**Information given**
____________________
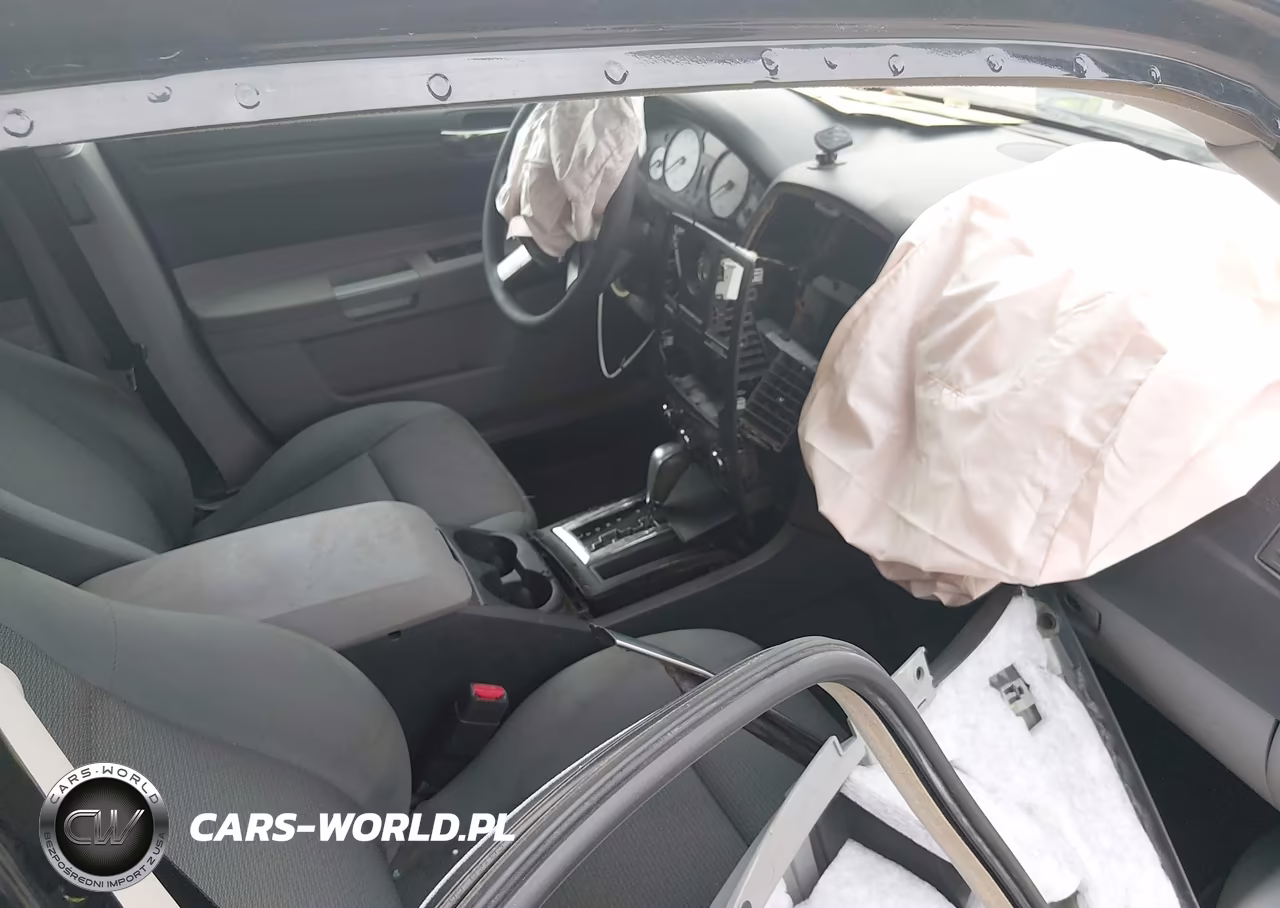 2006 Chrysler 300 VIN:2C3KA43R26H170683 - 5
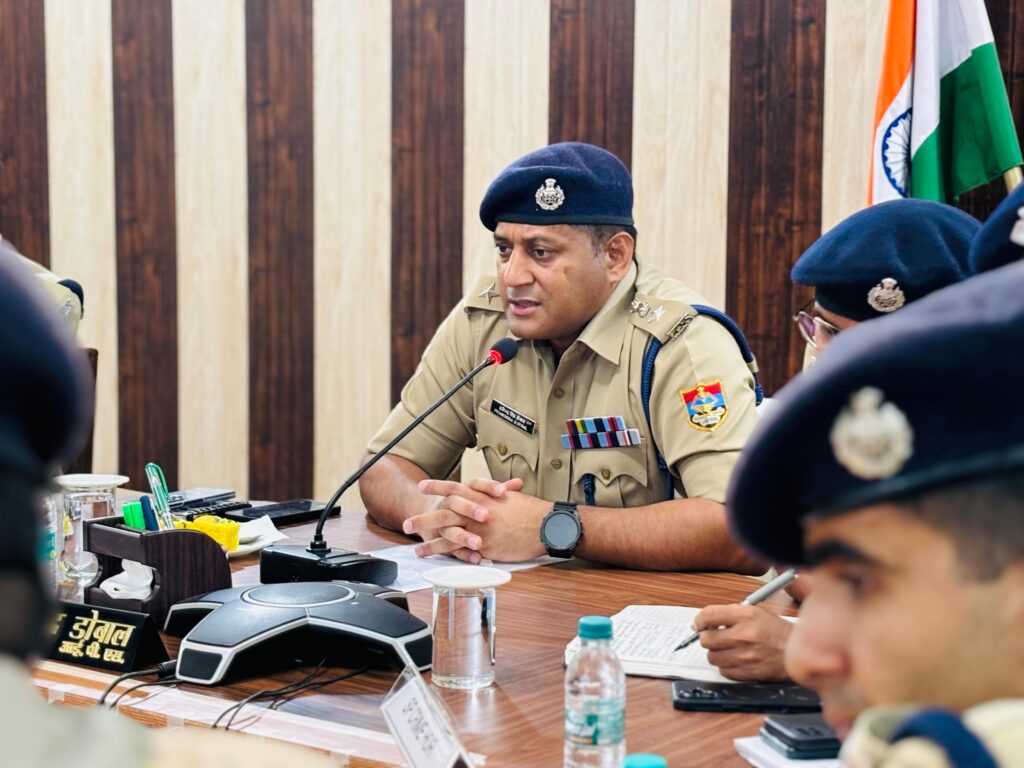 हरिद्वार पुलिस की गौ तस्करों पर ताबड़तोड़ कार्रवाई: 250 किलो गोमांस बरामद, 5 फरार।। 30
____________________
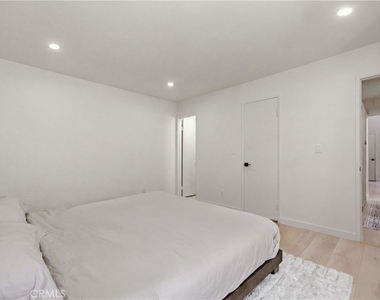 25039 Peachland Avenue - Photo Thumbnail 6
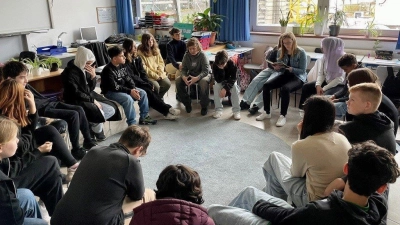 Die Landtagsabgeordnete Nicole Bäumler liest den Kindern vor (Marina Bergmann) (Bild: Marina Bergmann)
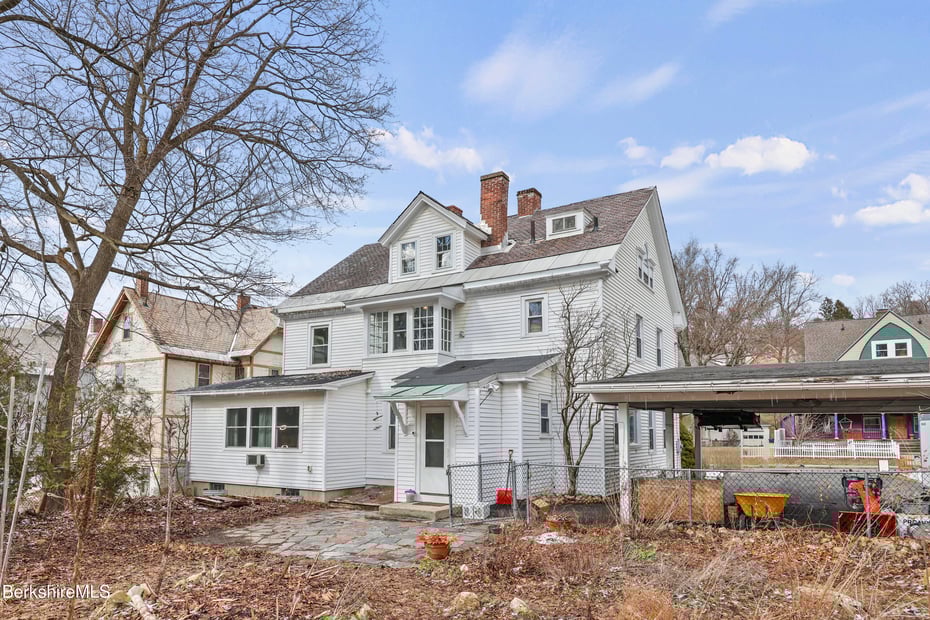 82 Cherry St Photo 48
____________________
**What you need to do**
Reproduce exactly the lines above that run from the one with "Die Landtagsabgeordnete Nicole" to the one with "82 Cherry St Photo 48", both included, leaving pictures out.

**Answer below**
 Die Landtagsabgeordnete Nicole Bäumler liest den Kindern vor (Marina Bergmann) (Bild: Marina Bergmann)
 82 Cherry St Photo 48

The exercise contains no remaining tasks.